Photo by Lisa Paine Heads Up! football teaches tackling using the shoulder rather than head first. Photo by Lisa Paine AREAWIDE— It is no secret that football can be a violent and dangerous sport, and with the recent emphasis on concussions, it leaves many to wonder what can be done to reverse such trends. Over the years, rules have been tweaked and equipment has been modified in an attempt to try to make the game a bit safer.

In a sport where collisions are inevitable, it makes it difficult to reduce injuries. However, recent studies show that those injuries, especially when it comes to head trauma, can be minimized with one simple adjustment: make tackles with your head up.

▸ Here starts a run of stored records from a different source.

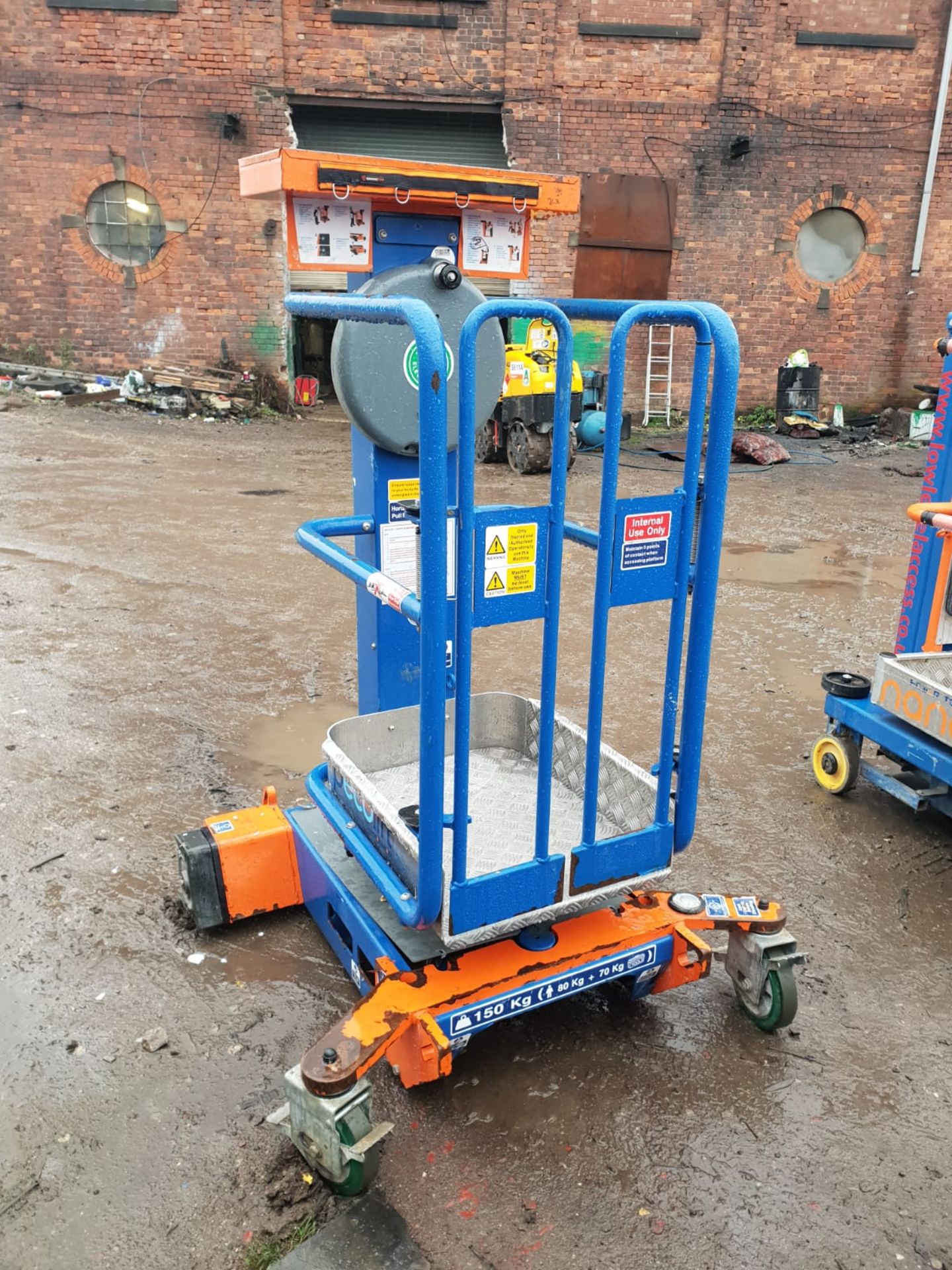 POWER TOWER PECO LIFT ACCESS TOWER SCISSOR LIFT PLATFORM, FULL WORKING ORDER, YEAR 2015 *PLUS VAT* - Image 2 of 6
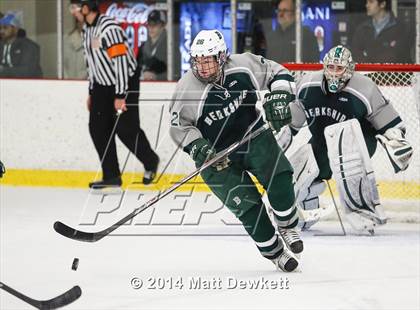 Thumbnail 1 in Gunnery vs. Berkshire (Avon Old Farms Christmas Classic 3rd Place) photogallery.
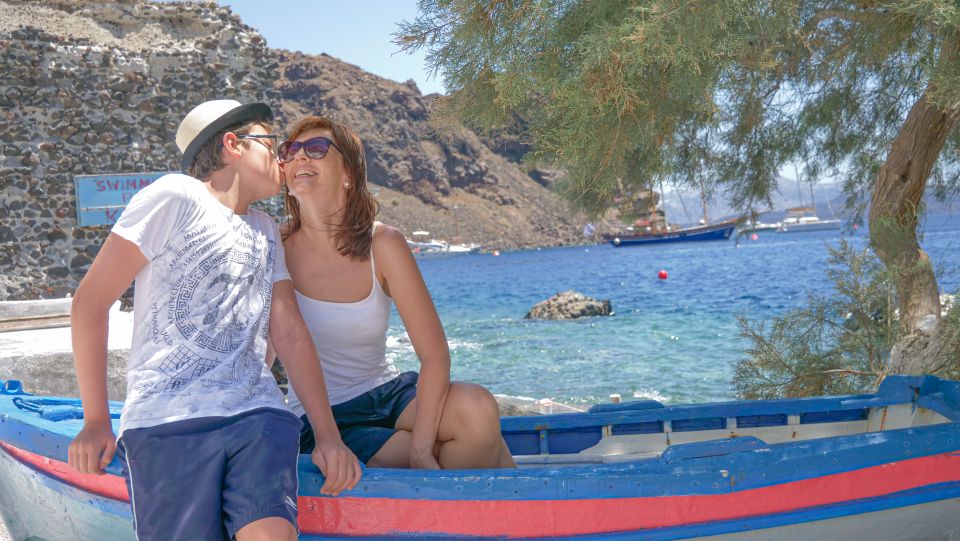 Santorini 2-Day Combo: Volcano Boat Cruise & Island Bus Tour - Directions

The new Heads Up approach is quickly being administered to the teachings of youth football players across the country.

According to some coaches, however, the technique isn’t new by any means. “Actually, it’s not that new. I’ve been teaching (Heads Up) for the last 15 years,” said Lapeer Steelers youth football coach Doug Harris. “I’ve always taught my kids to keep their heads up.”

From the time football was invented, it has been quite common for coaches to teach their defenders to put their head down and drive with the shoulder. While that is a useful technique, it can also be dangerous on both ends. For the player making the tackle, they could easily injure their head or neck on any given play. It can also be hazardous for the ball carrier, as the hard shell of a helmet is often used as a weapon of sorts, causing many serious knee injuries, amongst other things.

“At the youth level, I have never seen (a concussion) in my kids that I coach,” continued Harris. “There has been a kid or two that I was not coaching at the time. I knew that they had concussions because I knew the parents.”

While the Heads Up approach may reduce the number of concussed players, there are other factors to be considered, including staying hydrated, as well as being properly fitted with a protective mouth guard. For those who would like a little extra protection, there are many helmets on the market that are specifically designed to reduce the likelihood of a concussion, with many of them being referred to as the “revolution” helmets.

“That’s a big part of it at the youth level,” added Harris. “Seven, eight and nine-year-olds, that’s what I teach. I’ve talked to a lot of doctors, and as long as their heads are up, you know you’ll have your minor injuries with ankles and some stuff, but it’s really hard for kids to injure their neck if they have their heads up, and that’s what a lot of doctors have told me.”